Data to use:
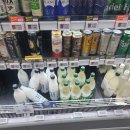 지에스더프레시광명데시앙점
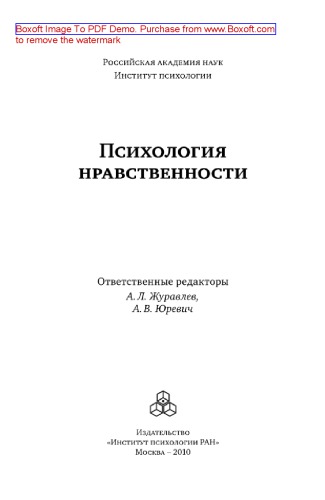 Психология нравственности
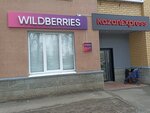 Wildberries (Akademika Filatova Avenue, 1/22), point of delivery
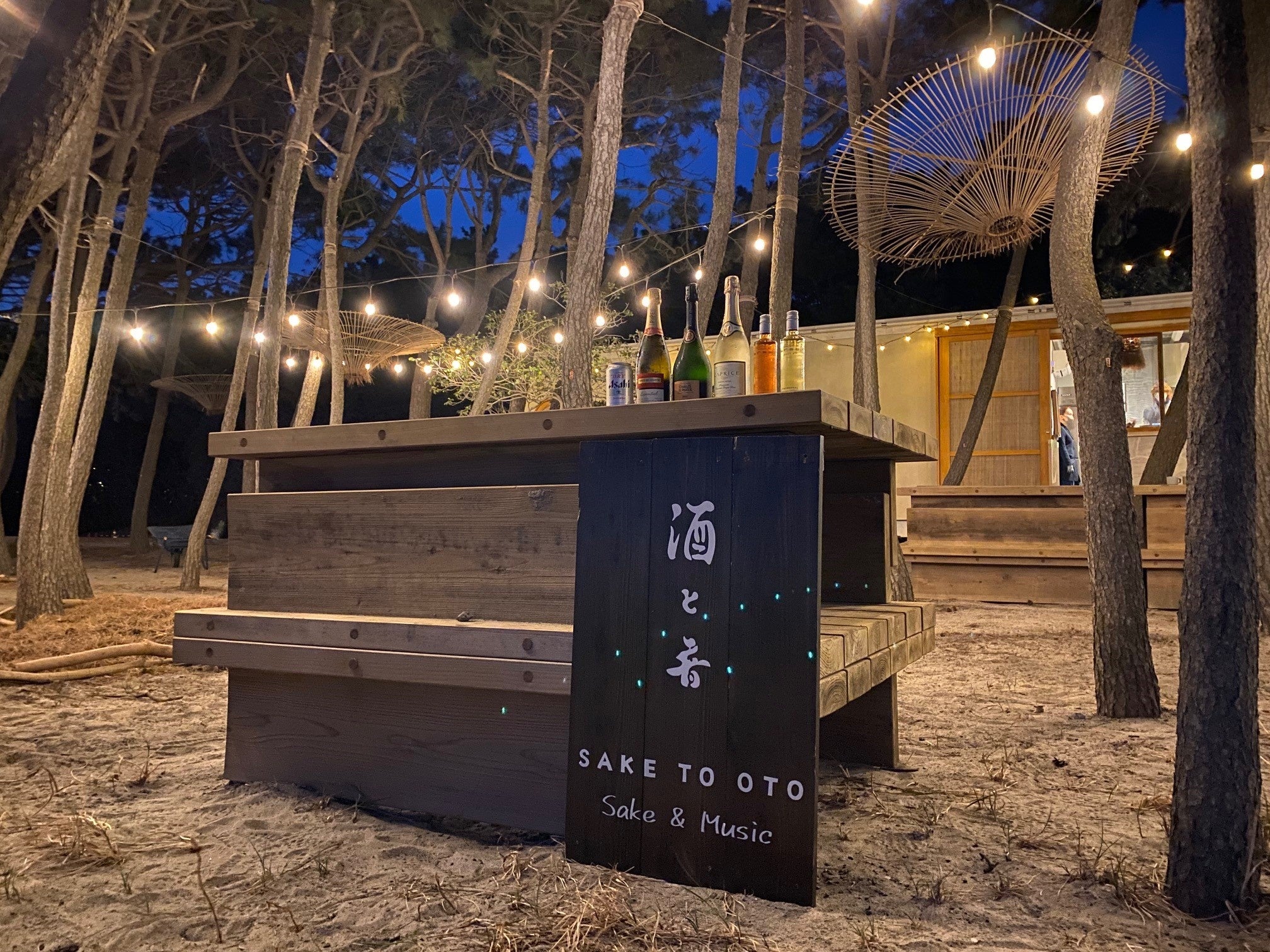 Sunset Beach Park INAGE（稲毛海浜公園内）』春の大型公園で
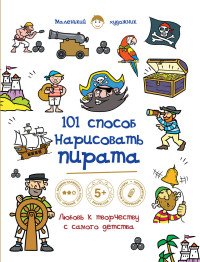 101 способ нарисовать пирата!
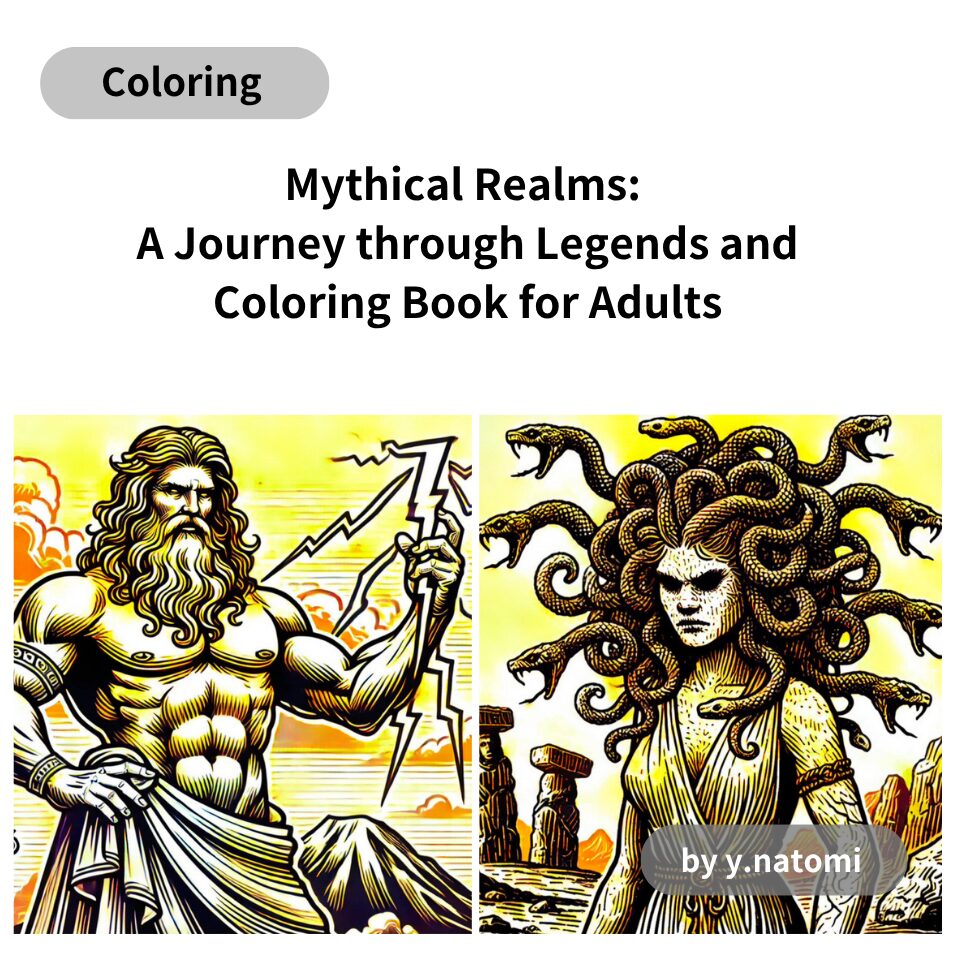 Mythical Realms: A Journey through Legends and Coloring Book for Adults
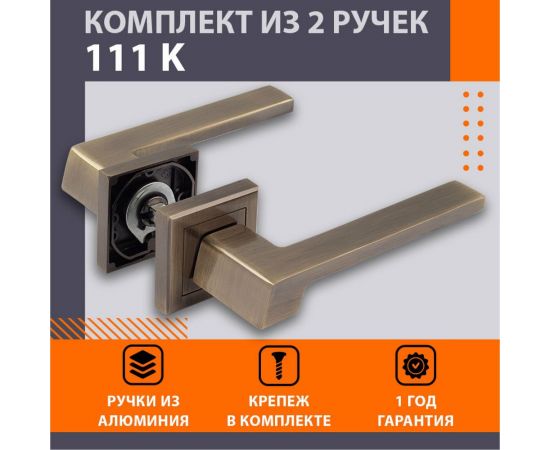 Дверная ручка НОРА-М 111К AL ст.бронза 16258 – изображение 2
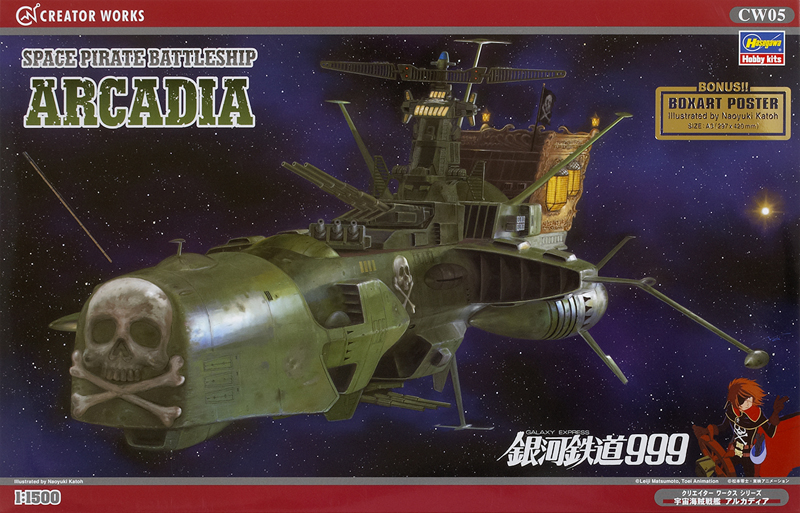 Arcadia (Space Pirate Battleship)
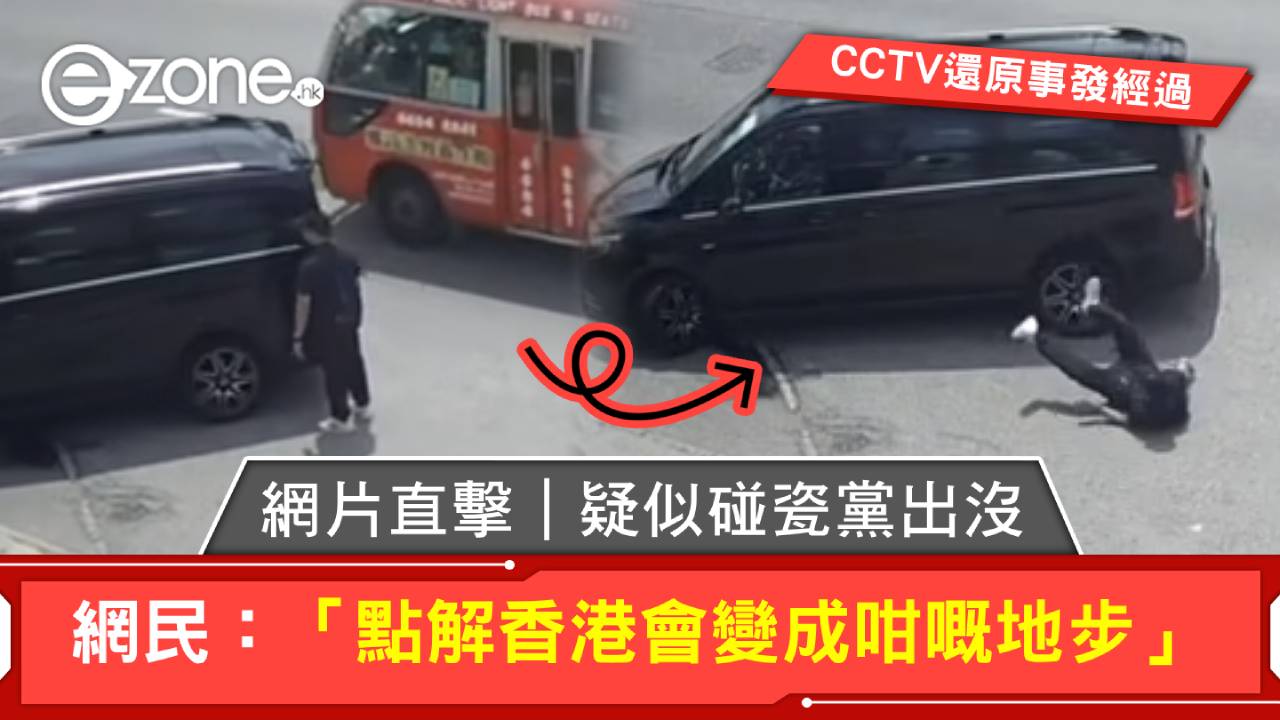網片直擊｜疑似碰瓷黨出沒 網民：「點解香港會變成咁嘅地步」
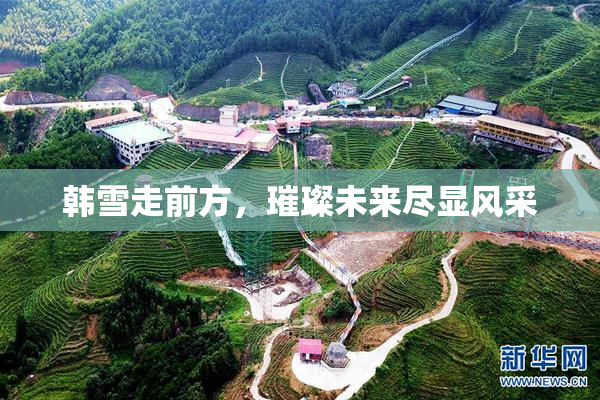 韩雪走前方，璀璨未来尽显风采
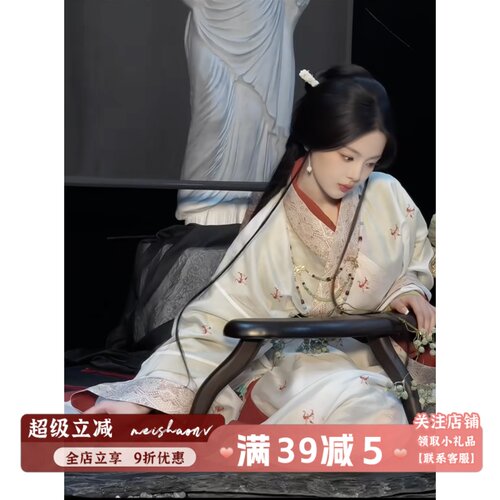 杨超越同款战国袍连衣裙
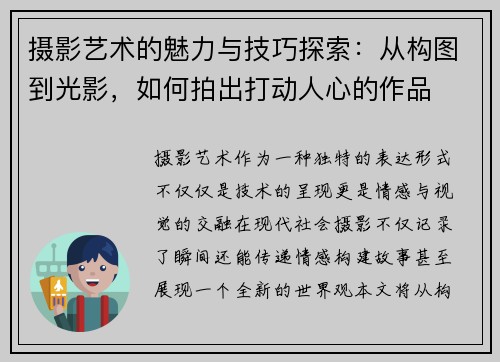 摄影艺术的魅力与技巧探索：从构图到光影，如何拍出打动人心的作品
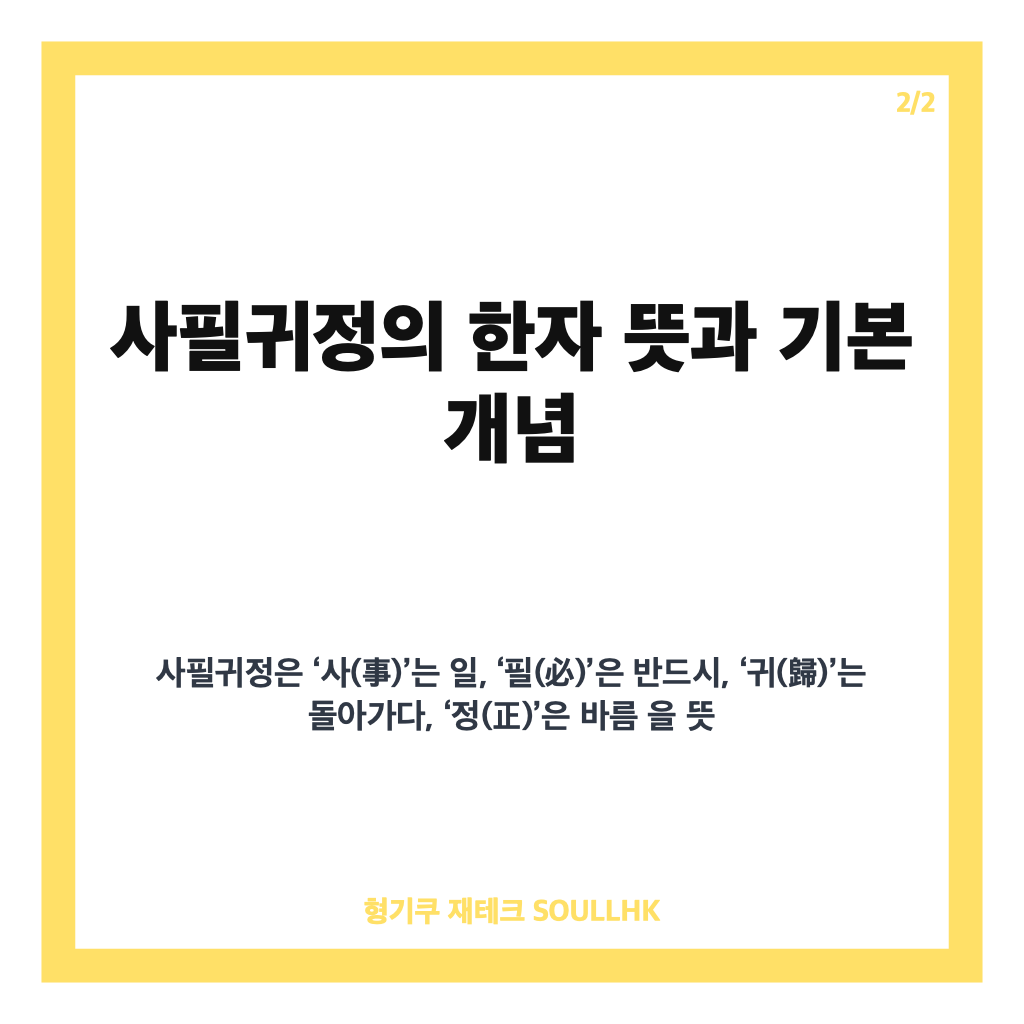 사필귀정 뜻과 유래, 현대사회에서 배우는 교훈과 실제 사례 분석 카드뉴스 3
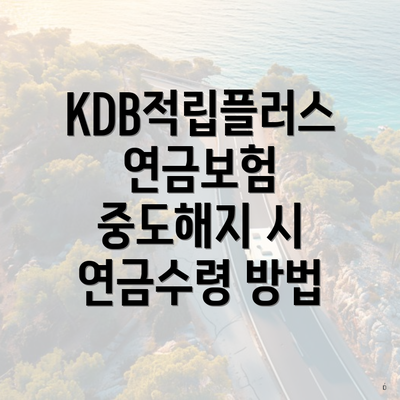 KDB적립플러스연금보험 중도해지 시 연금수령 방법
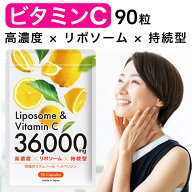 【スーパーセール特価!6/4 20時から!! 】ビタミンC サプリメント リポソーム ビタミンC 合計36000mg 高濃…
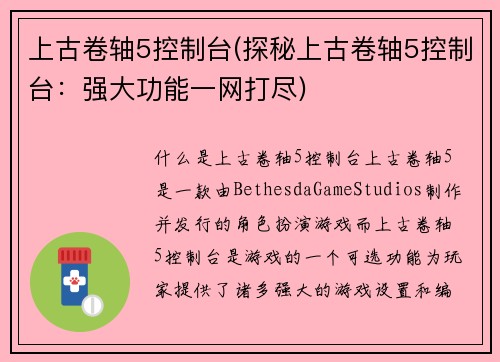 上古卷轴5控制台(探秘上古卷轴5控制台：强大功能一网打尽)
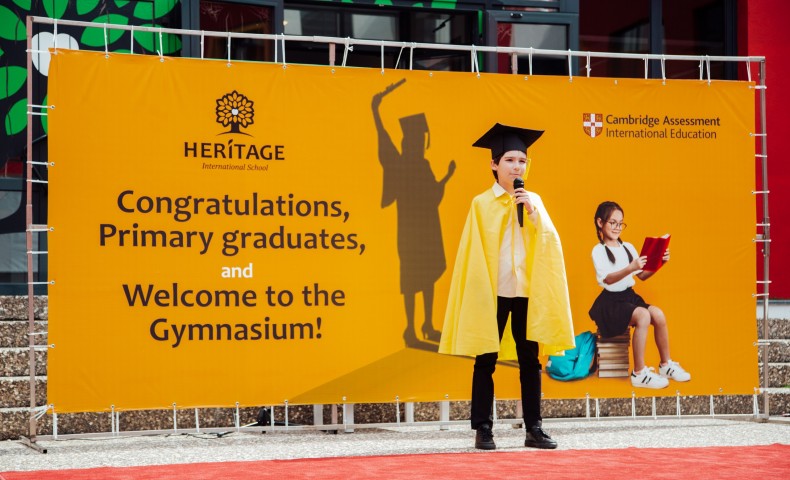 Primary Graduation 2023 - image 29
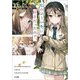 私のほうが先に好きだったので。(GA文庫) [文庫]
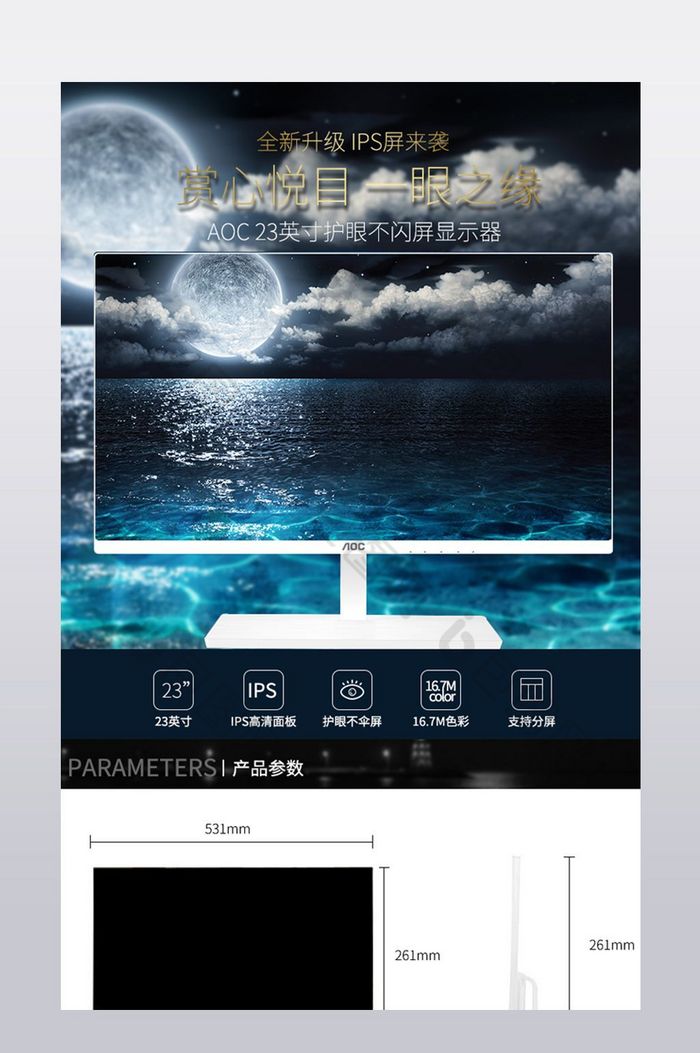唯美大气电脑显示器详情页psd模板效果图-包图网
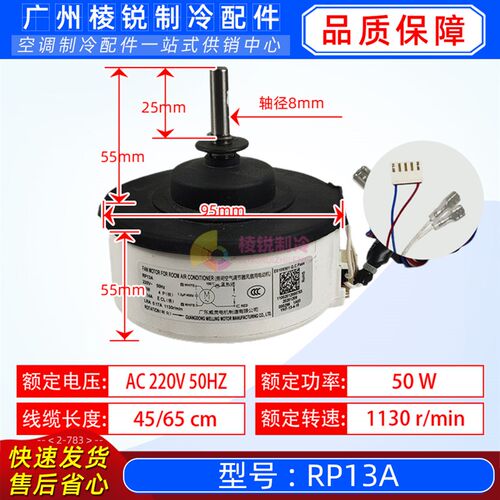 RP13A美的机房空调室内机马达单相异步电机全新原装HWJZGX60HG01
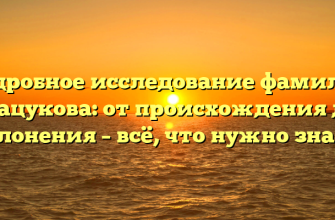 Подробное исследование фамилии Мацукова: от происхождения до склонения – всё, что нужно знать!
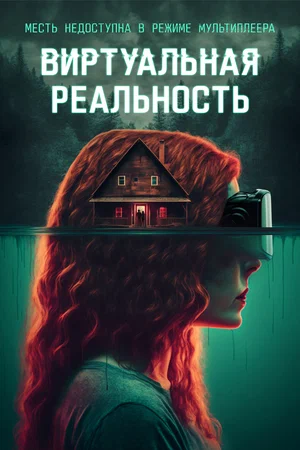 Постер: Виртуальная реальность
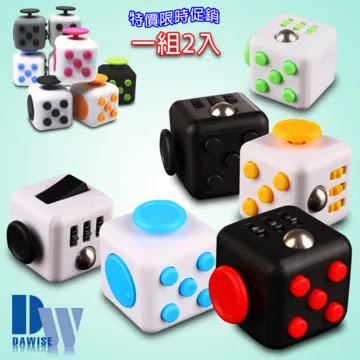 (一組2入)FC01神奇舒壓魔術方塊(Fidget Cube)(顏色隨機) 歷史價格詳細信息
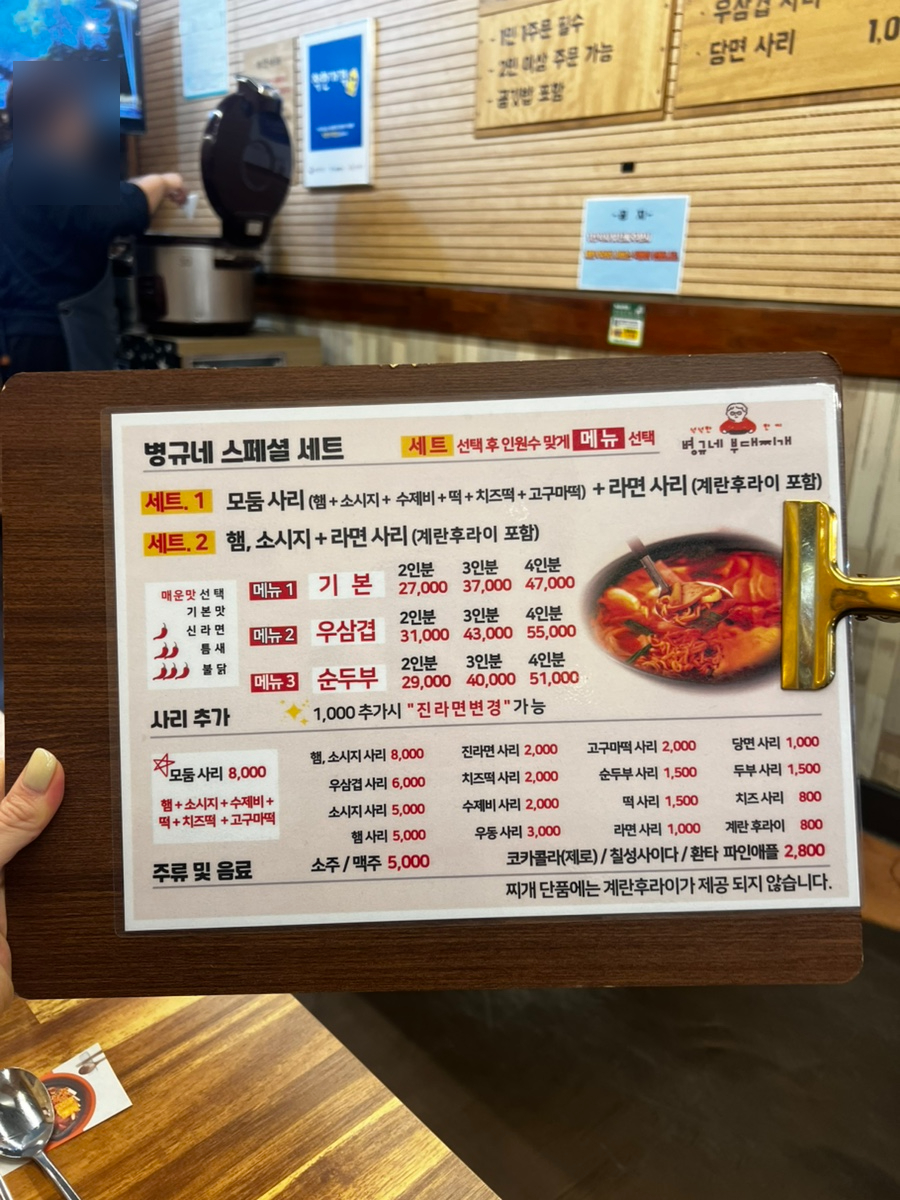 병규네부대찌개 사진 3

Your goal: Give again the lines of the listing above that run from the one with "Arcadia (Space Pirate Battleship)" up to and including the one with "Подробное исследование фамилии". Keep them exact and omit the pictures.

Output for this exercise:
 Arcadia (Space Pirate Battleship)
網片直擊｜疑似碰瓷黨出沒 網民：「點解香港會變成咁嘅地步」
 韩雪走前方，璀璨未来尽显风采
 杨超越同款战国袍连衣裙
 摄影艺术的魅力与技巧探索：从构图到光影，如何拍出打动人心的作品
 사필귀정 뜻과 유래, 현대사회에서 배우는 교훈과 실제 사례 분석 카드뉴스 3
 KDB적립플러스연금보험 중도해지 시 연금수령 방법
 【スーパーセール特価!6/4 20時から!! 】ビタミンC サプリメント リポソーム ビタミンC 合計36000mg 高濃…
 上古卷轴5控制台(探秘上古卷轴5控制台：强大功能一网打尽)
 Primary Graduation 2023 - image 29
 私のほうが先に好きだったので。(GA文庫) [文庫]
唯美大气电脑显示器详情页psd模板效果图-包图网
 RP13A美的机房空调室内机马达单相异步电机全新原装HWJZGX60HG01
 Подробное исследование фамилии Мацукова: от происхождения до склонения – всё, что нужно знать!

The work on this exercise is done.